La parola della poesia è sempre
una parola misteriosa, perché è indubbio che essa affondi in quel sostrato di
noi, dove siamo colti dalla vertigine dello spaesamento e ci scopriamo soli, esuli, sradicati, estranei perfino a noi
stessi. Allora sorge, come testimonianza e mai come mera comunicazione, come
generalmente si crede, questa voce altra, questa voce ombra che noi chiamiamo
poesia. Testimonianza che più di un poeta, fra tutti ricordo Bonnefoy, ha voluto immaginare affidata a una bottiglia
fra le onde del mare, messaggio per nessuno che solo per caso arriva ad essere
ascoltato talvolta da qualche naufrago. Quelle che sonda la poesia è una zona pericolosa
in cui sorge enigmatica la figura di uno straniero, che Edmond Jabès ha così
bene approfondito in tutta la sua opera.
Anche in questo Libro del dialogo, tradotto e curato,
per la casa editrice Manni, da Antonio Prete, e uscito nell’ottobre del 2016, la
scrittura approfondisce il tema dell’estraneità, meravigliandoci con una
girandola di paradossi che hanno la naturalezza meravigliata di rivelazioni.
Libro più che meditato,
dolorosamente scolpito in frasi brevi, aforismi o brani più lunghi ma sempre
attraversati da quella passione per la sintesi estrema, la densità concettuale
che fa di Jabès un grande interprete della poesia in prosa del Novecento. Egli esplora il deserto della scrittura
consapevole che noi, come esseri umani ”abitiamo
solo la nostra perdita” e che ogni libro scritto naufraga nella sua stessa
tragica ineffabilità di frammento di un più vasto Libro, che forse è solo il
silenzio in cui tutto si cancella. Difficile scrivere di un libro così
fortemente ellittico che fa del silenzio più che del dialogo il suo cuore
pulsante, libro archetipico in sommo grado.

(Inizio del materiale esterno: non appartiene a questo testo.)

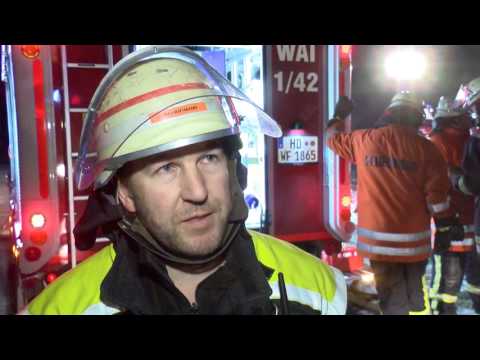 S-Bahn rammt Audi an Bahnübergang – Fahrer (53) tot!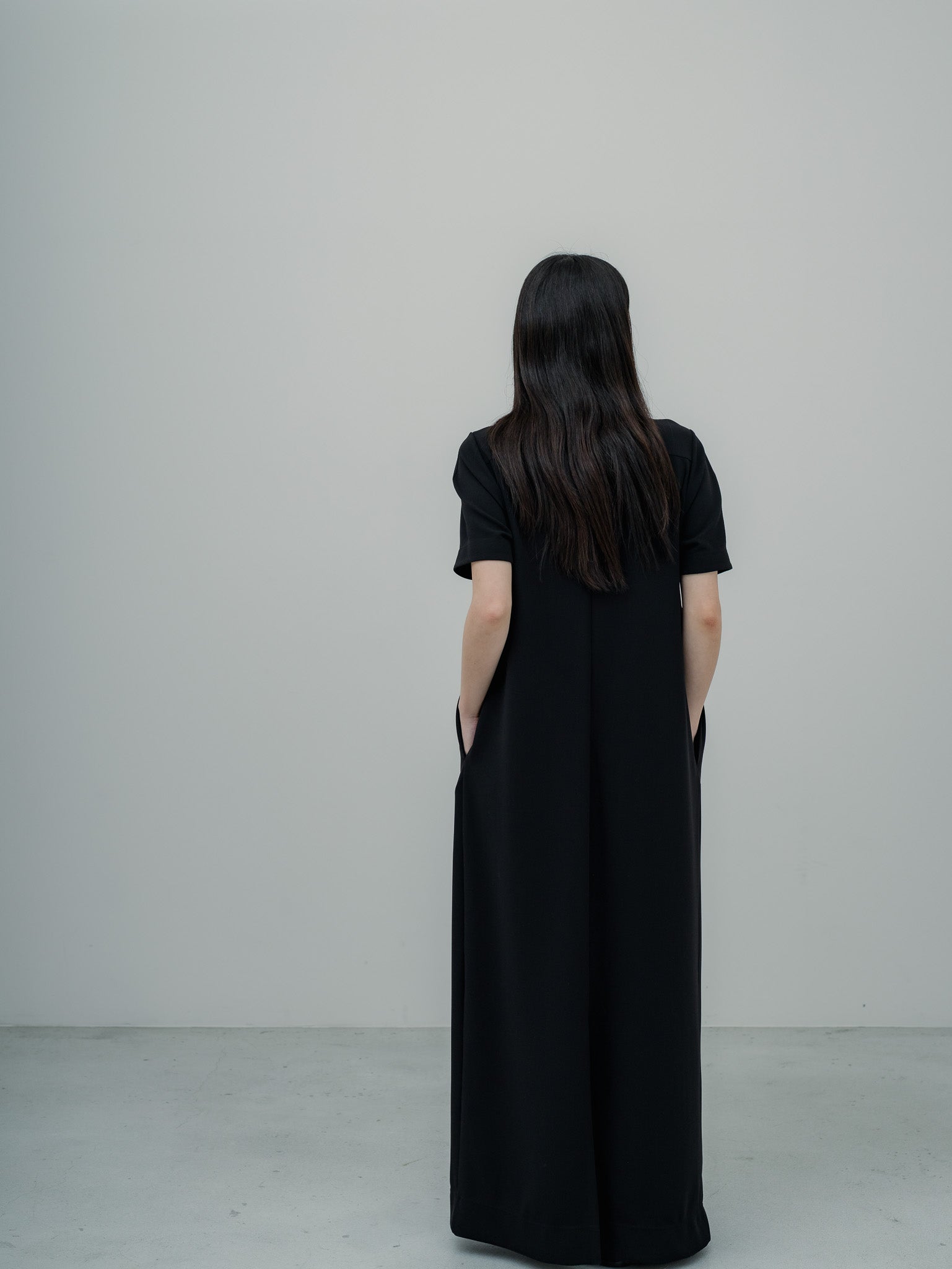 【PRE ORDER】SILKY TECH DRESS/Black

Sue figure oltre il dialogo e il
silenzio, il libro, il deserto, l’oblio, la parola, l’interrogazione, l’assenza e Dio, questa assenza al cubo, i
quali con leggerezza vagamente ipnotica fluttuano in questo testo per costituire l’ennesimo frammento di
un’opera, quella di Jabès, che continua a interrogarci sui grandi temi
dell’esistenza.
Ammiriamo così’, in questo libro
originariamente uscito in Francia nel 1984, nitida e sorniona, la voce di un
classico. Se il libro dura soprattutto nel momento in cui qualcuno tenta la via
della sua decifrazione, esso è un
dialogo fra estranei che si richiude subito nella solitudine originaria, perché
noi “siamo gli eredi di una parola
orfana, errante, esiliata, una parola che invano abbiamo cercato di dominare[…]”
Lo stratagemma retorico è immaginare
una terza persona che parla al posto dell’io, per preservare l’oggettività del
dettato ed evitare le trappole del monologo, dunque voci anonime di saggi, di
persone non identificate si affollano: “ Diceva anche<Forse si scrive
soltanto per poter salvare qualche parola dall’incendio che cova in noi. >”
Così Jabès diventa colui che, forse
più di chiunque altro nel Novecento, indaga il mistero stesso della scrittura:”
Abbiamo scritto, diremo un giorno,
sull’ondeggiante superficie di un soffio”.
Si parla e si scrive sempre attraverso
una ferita la cui causa ci rimane ignota ma che sappiamo essere all’origine
stessa della nostra vita. Il paradosso è che più la scrittura si silenzia,
diventa incomprensibile mormorio, più
riesce a esprimere al meglio il pensiero nascosto dell’autore, che forse
coincide con un dichiarazione di vuoto fatta in faccia a un universo
indifferente.
Storielle quasi zen, un ricorso alla mistica della cabala, la
persistente presenza di maestri il cui insegnamento è disimparare e la cui
ambiguità è assoluta, fanno di questo libro una ricognizione nei territori di
una poesia tanto più misteriosa tanto più pare
lapidaria. La scrittura buca il silenzio e proclama che la mancanza è
origine.
Ecco dunque una poesia del vuoto come
evento cosmico più che quotidiano, una poesia della ferita che parla e del
deserto che chiude tutto in un inesplicabile silenzio, perché se la parola è
un’onda che si frange sulla spiaggia,
noi ne decifriamo soltanto una piccola parte di schiuma. Così Il
Libro del dialogo è un libro del silenzio e dell’impossibilità di
decifrare noi stessi e l’altro che siamo per noi stessi.